### Required work
The expected output is every record below, transcribed exactly, with the pictures left out.

[[ Excerpted records open ]]

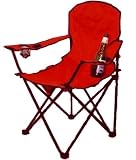 UKayed ipod Compatible Lightweight Folding Chair With Built In Speakers In Red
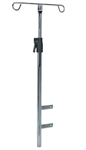 Detecto Adjustable Chrome IV Pole for Rescue and Whisper Series Carts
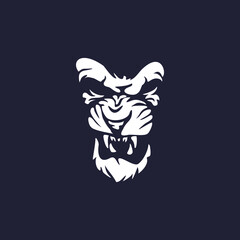 Wild Angry Lion Head Logo Vector Template Illustration Design Mascot Animal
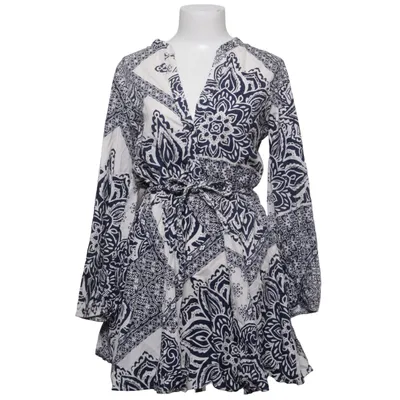 Dress (Blue, White) from Zara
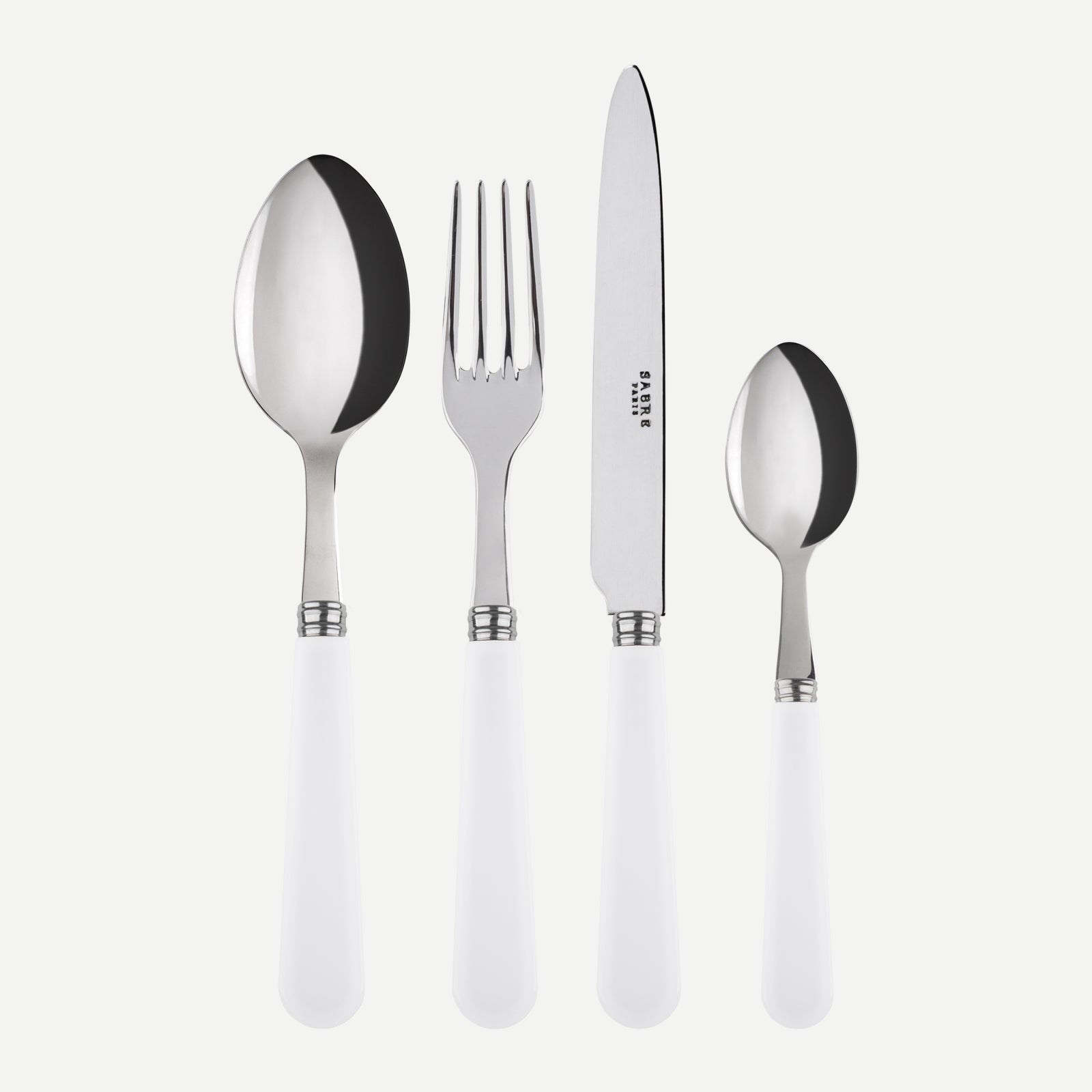 Duo, White - 24 pieces cutlery set
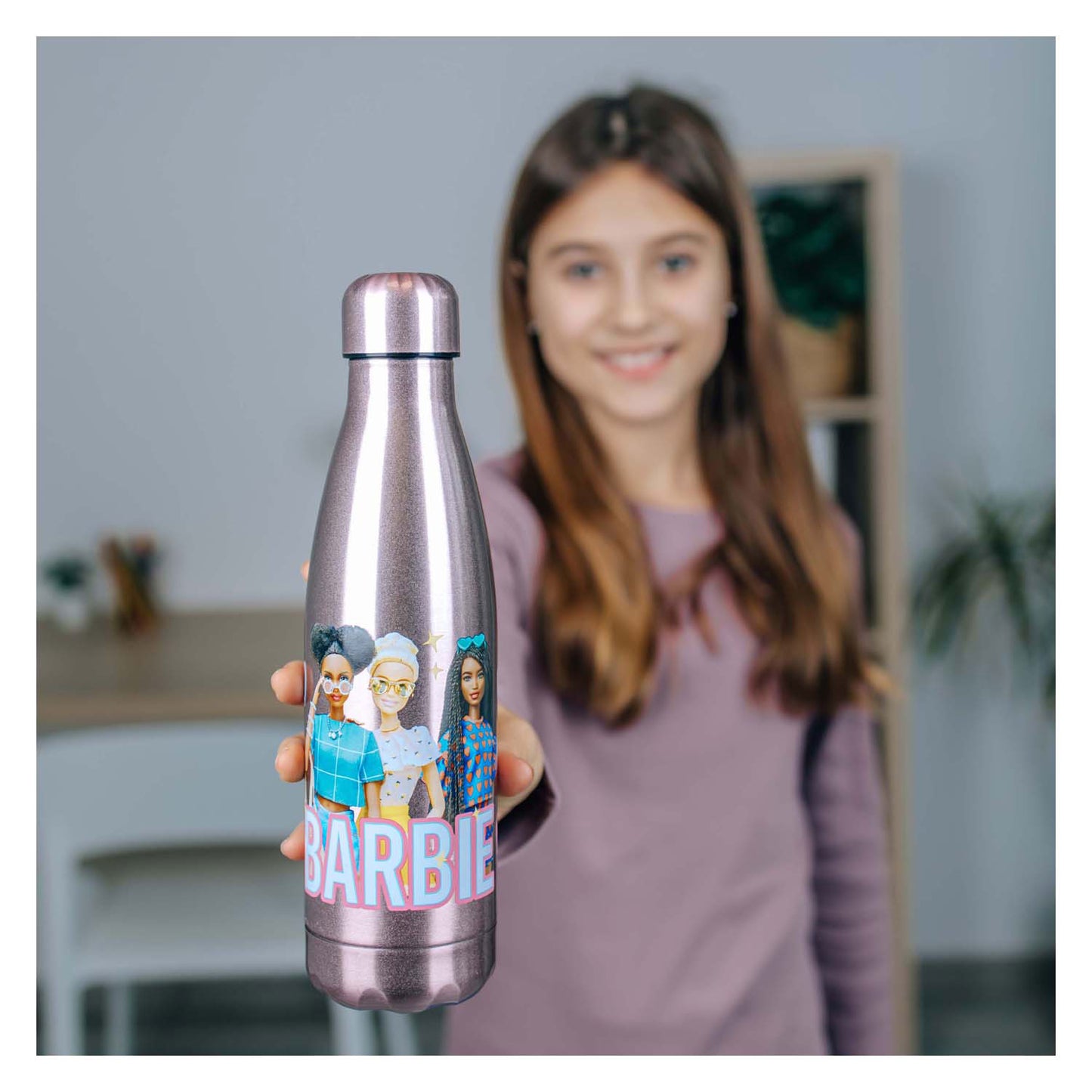 Undercover Barbie Trinkflasche Edelstahl, 450 ml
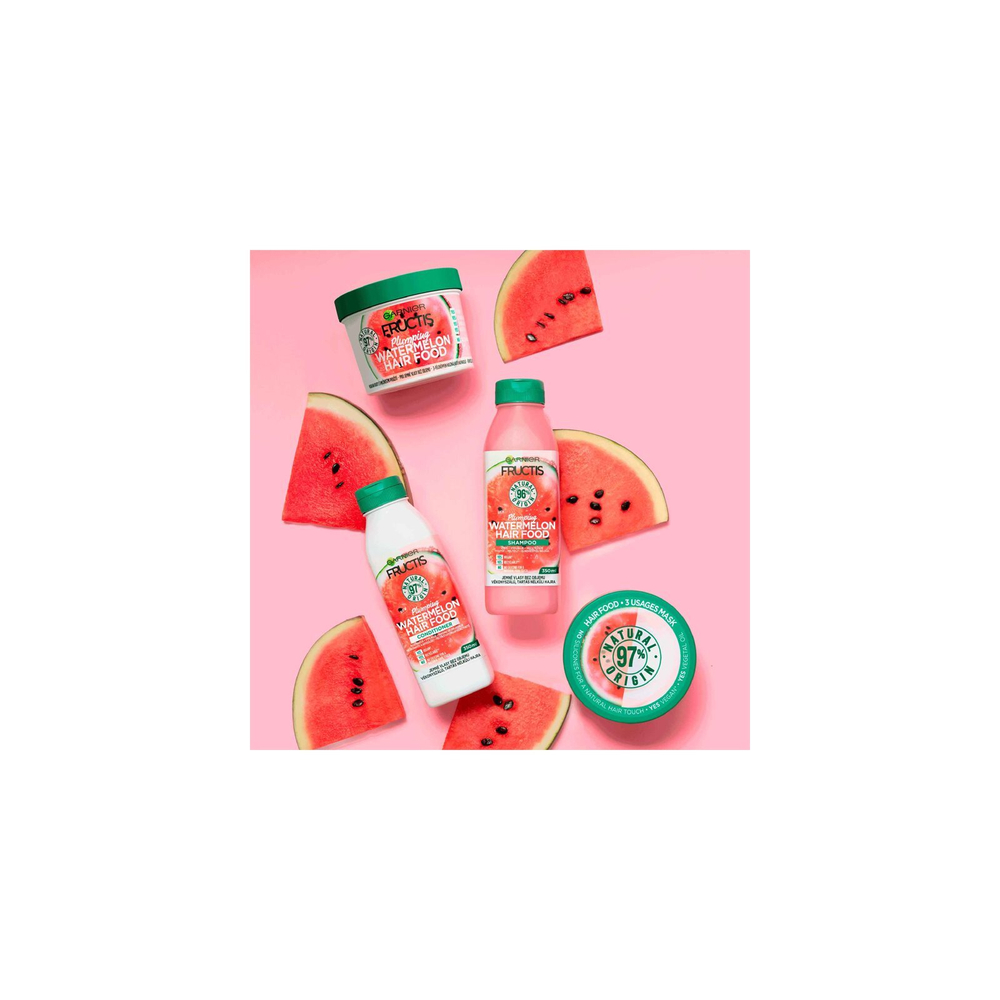 Garnier Fructis Watermelon Hair Food - маска для тонких и нежных волос /   390  ml  / GTIN 3600542389471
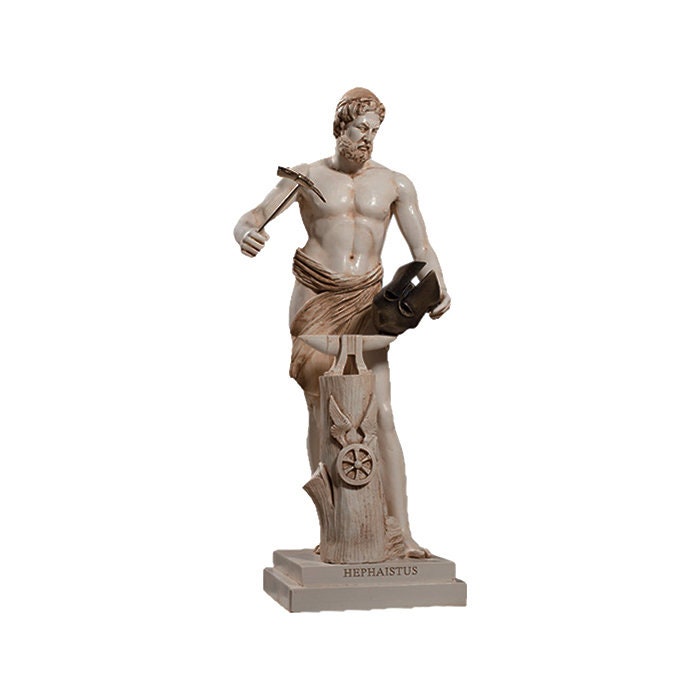 Hephaestus God Statue Made Of Alabaster Museum Quality 60cm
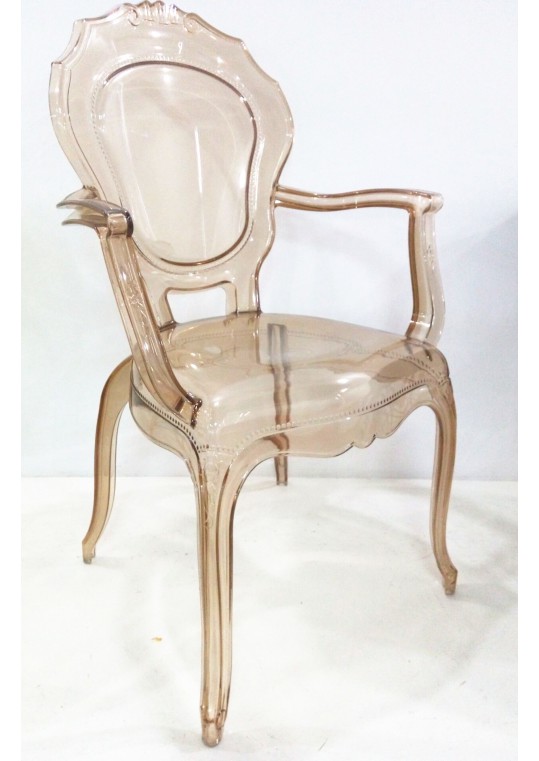 Amber Plastic Arm Chair (Set of 2)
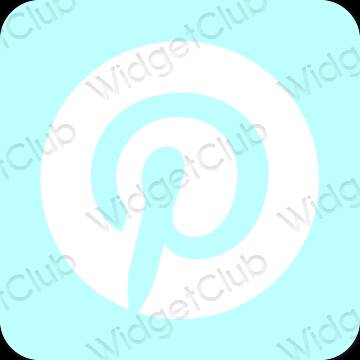 Thẩm mỹ màu xanh pastel Pinterest biểu tượng ứng dụng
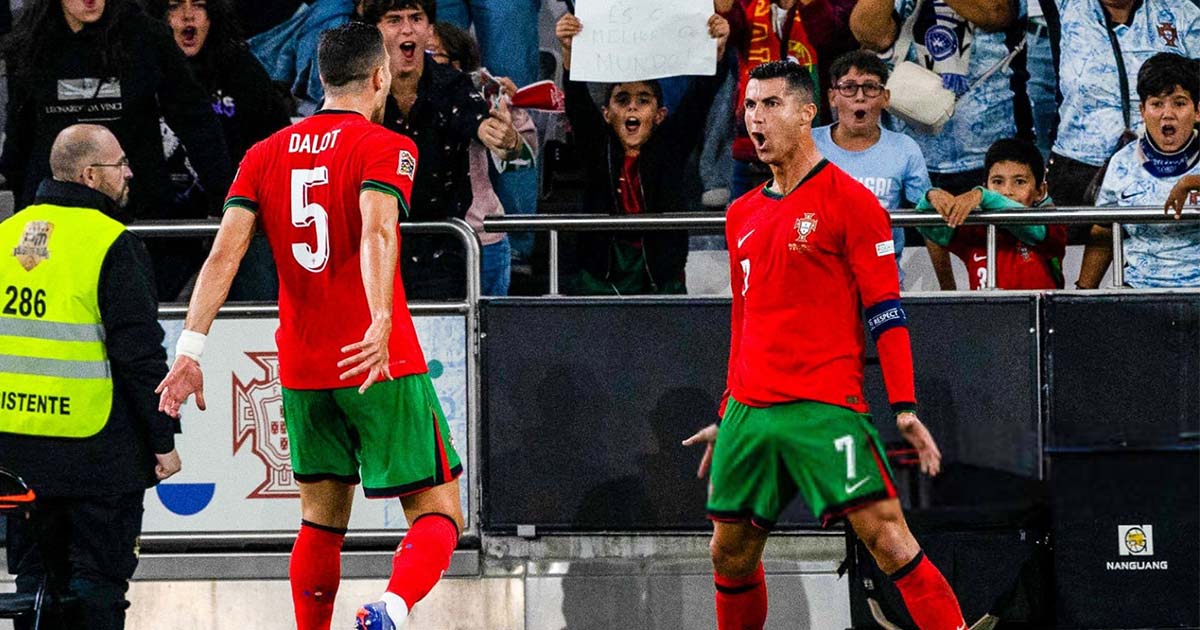 الهدف الأول بعد الـ 900.. رونالدو يدخل بديلاً وينصر البرتغال على اسكتلندا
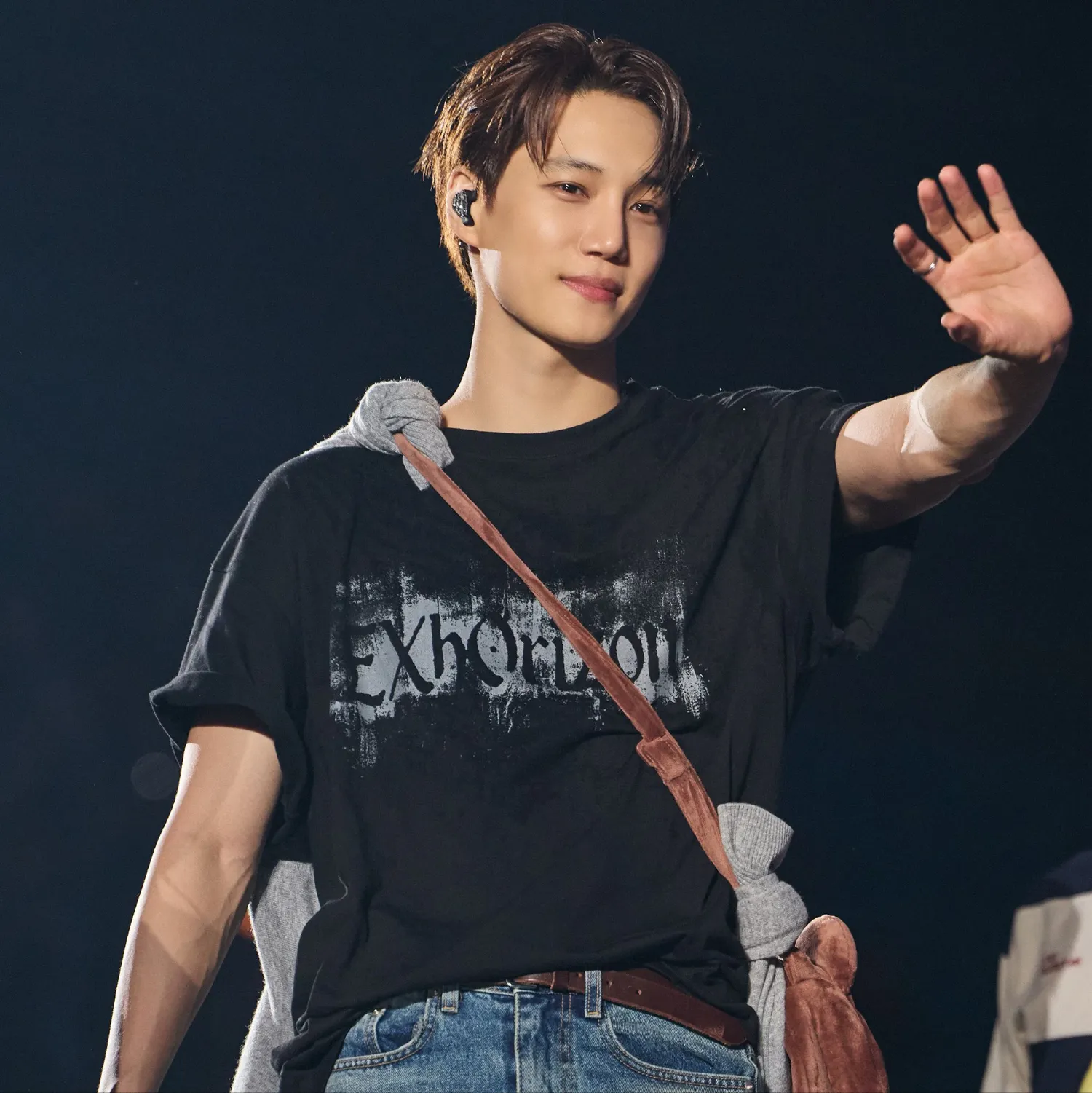 A moment captured by Kai (EXO)'s fan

[[ Excerpted records closed ]]

### Solution to this problem
 UKayed ipod Compatible Lightweight Folding Chair With Built In Speakers In Red
 Detecto Adjustable Chrome IV Pole for Rescue and Whisper Series Carts
 Wild Angry Lion Head Logo Vector Template Illustration Design Mascot Animal
 Dress (Blue, White) from Zara
 Duo, White - 24 pieces cutlery set
 Undercover Barbie Trinkflasche Edelstahl, 450 ml
 Garnier Fructis Watermelon Hair Food - маска для тонких и нежных волос /   390  ml  / GTIN 3600542389471
 Hephaestus God Statue Made Of Alabaster Museum Quality 60cm
 Amber Plastic Arm Chair (Set of 2)
 Thẩm mỹ màu xanh pastel Pinterest biểu tượng ứng dụng
 الهدف الأول بعد الـ 900.. رونالدو يدخل بديلاً وينصر البرتغال على اسكتلندا
 A moment captured by Kai (EXO)'s fan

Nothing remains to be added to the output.